====== Material for the task ======

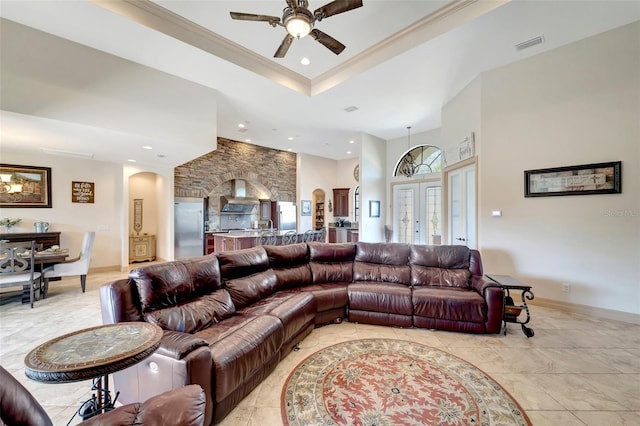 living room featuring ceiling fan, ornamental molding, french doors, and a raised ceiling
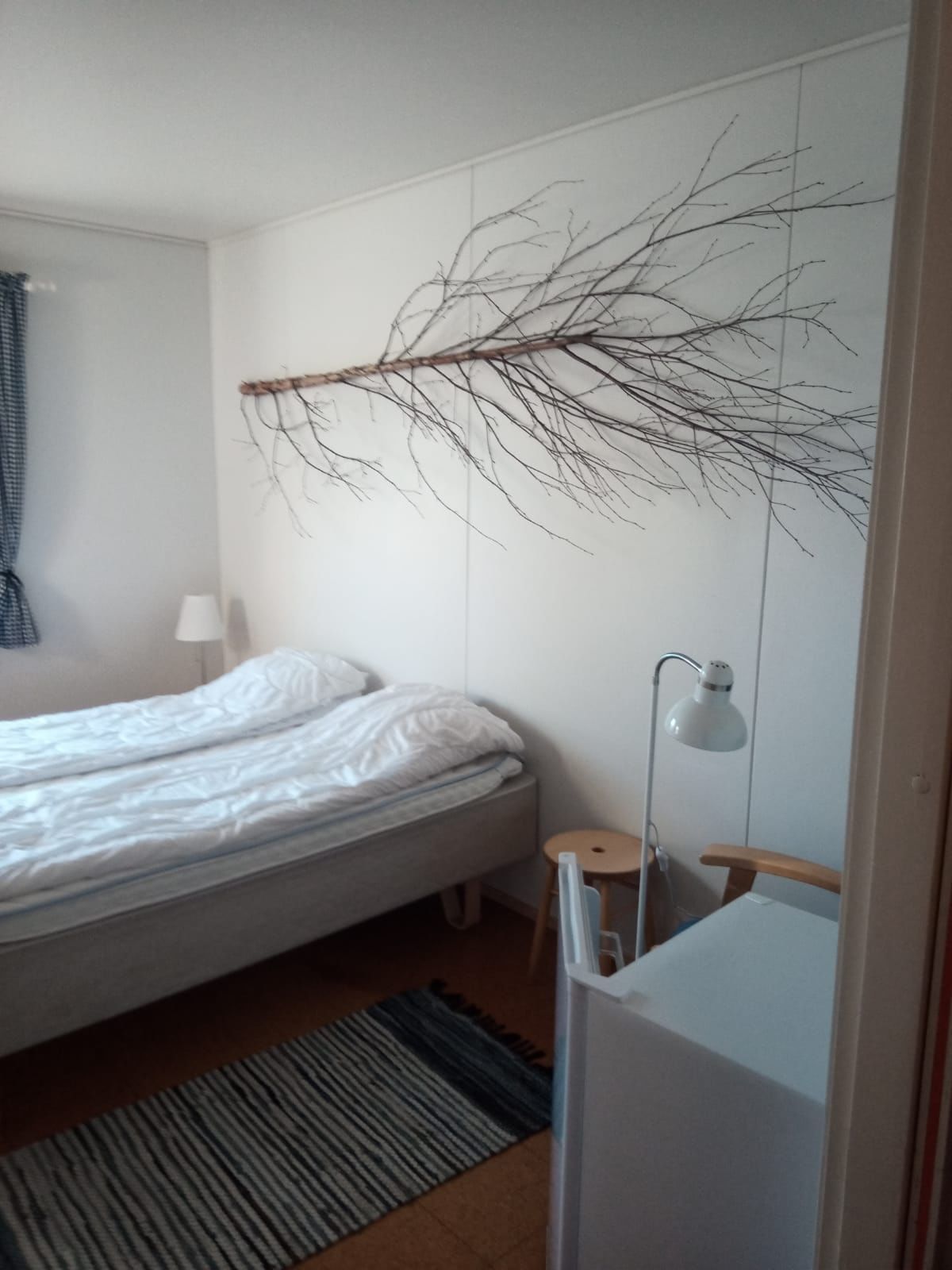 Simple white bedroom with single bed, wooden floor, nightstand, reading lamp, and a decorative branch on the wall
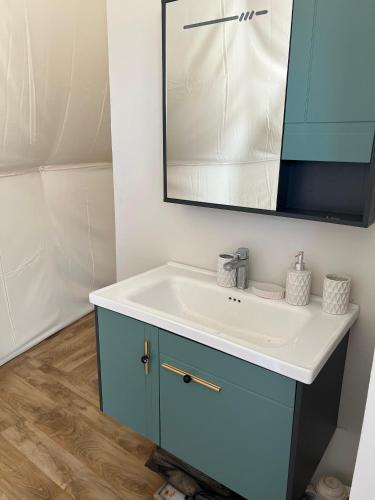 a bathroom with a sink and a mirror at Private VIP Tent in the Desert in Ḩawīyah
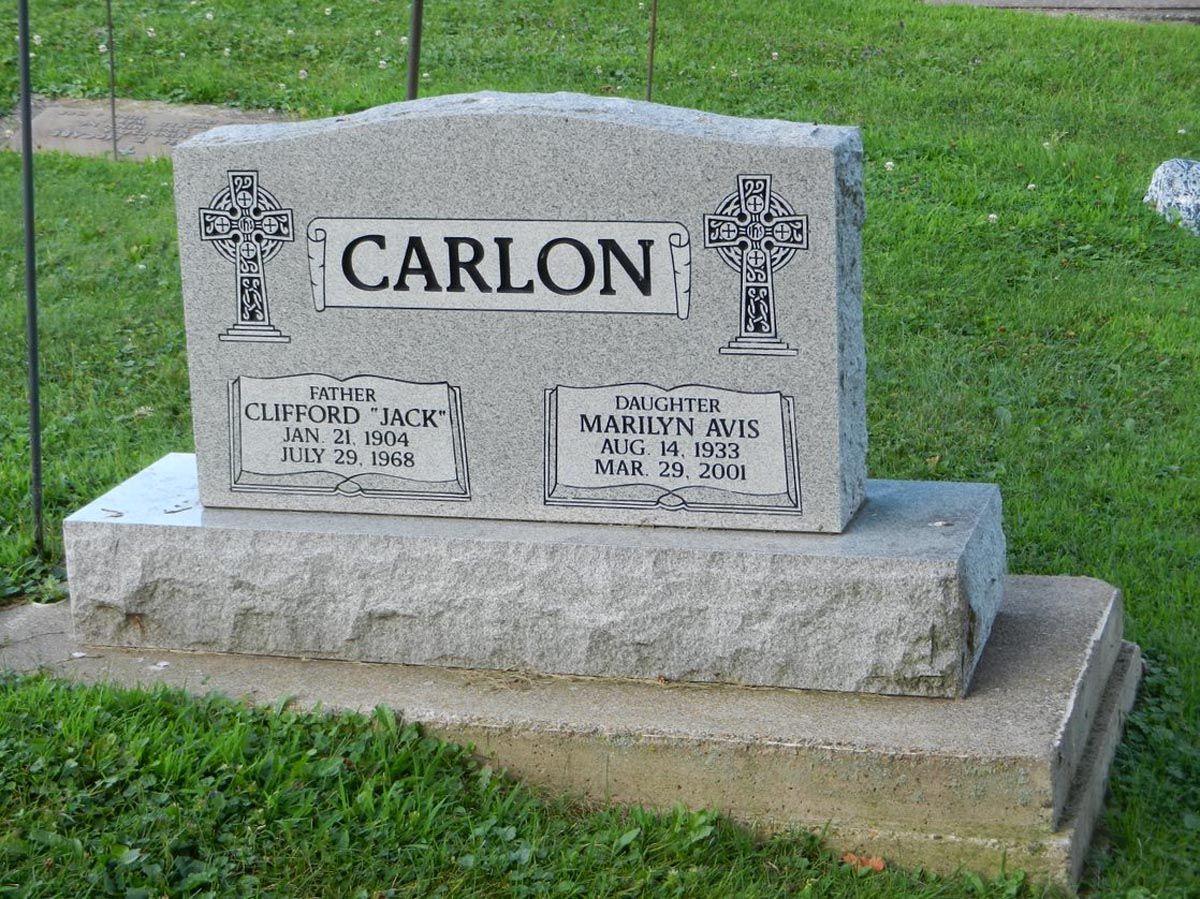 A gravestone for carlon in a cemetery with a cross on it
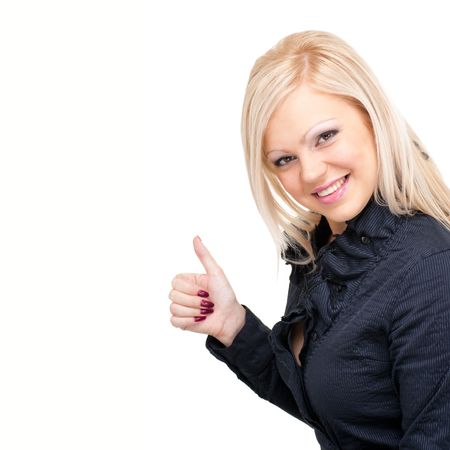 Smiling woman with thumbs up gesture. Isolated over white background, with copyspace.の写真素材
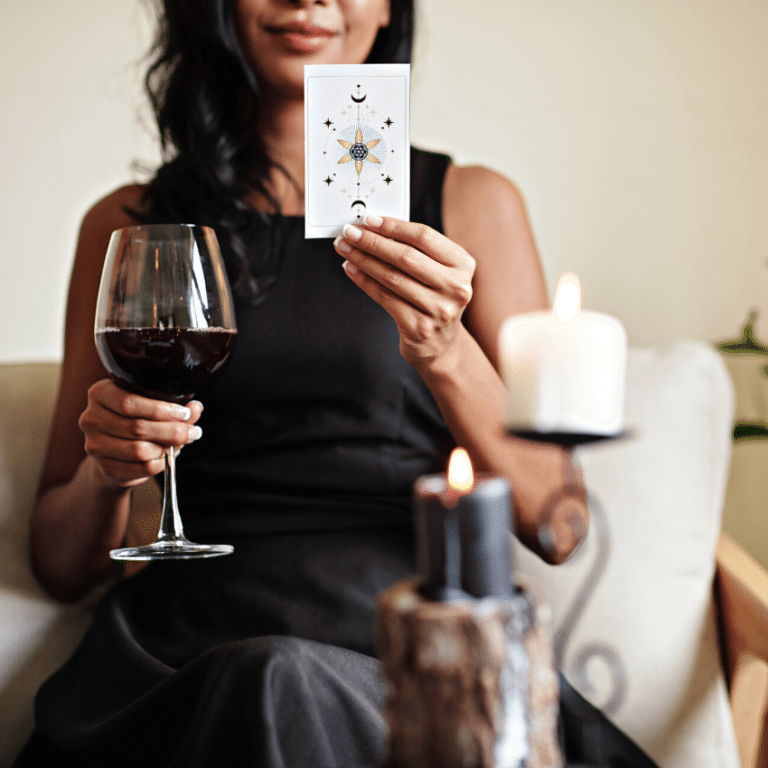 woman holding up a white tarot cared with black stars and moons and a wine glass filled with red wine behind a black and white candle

======

__What you are asked to do__: Everything in the data above, apart from the pictures, should be retyped exactly.

__Response for this exercise__:
 living room featuring ceiling fan, ornamental molding, french doors, and a raised ceiling
 Simple white bedroom with single bed, wooden floor, nightstand, reading lamp, and a decorative branch on the wall
 a bathroom with a sink and a mirror at Private VIP Tent in the Desert in Ḩawīyah
 A gravestone for carlon in a cemetery with a cross on it
 Smiling woman with thumbs up gesture. Isolated over white background, with copyspace.の写真素材
 woman holding up a white tarot cared with black stars and moons and a wine glass filled with red wine behind a black and white candle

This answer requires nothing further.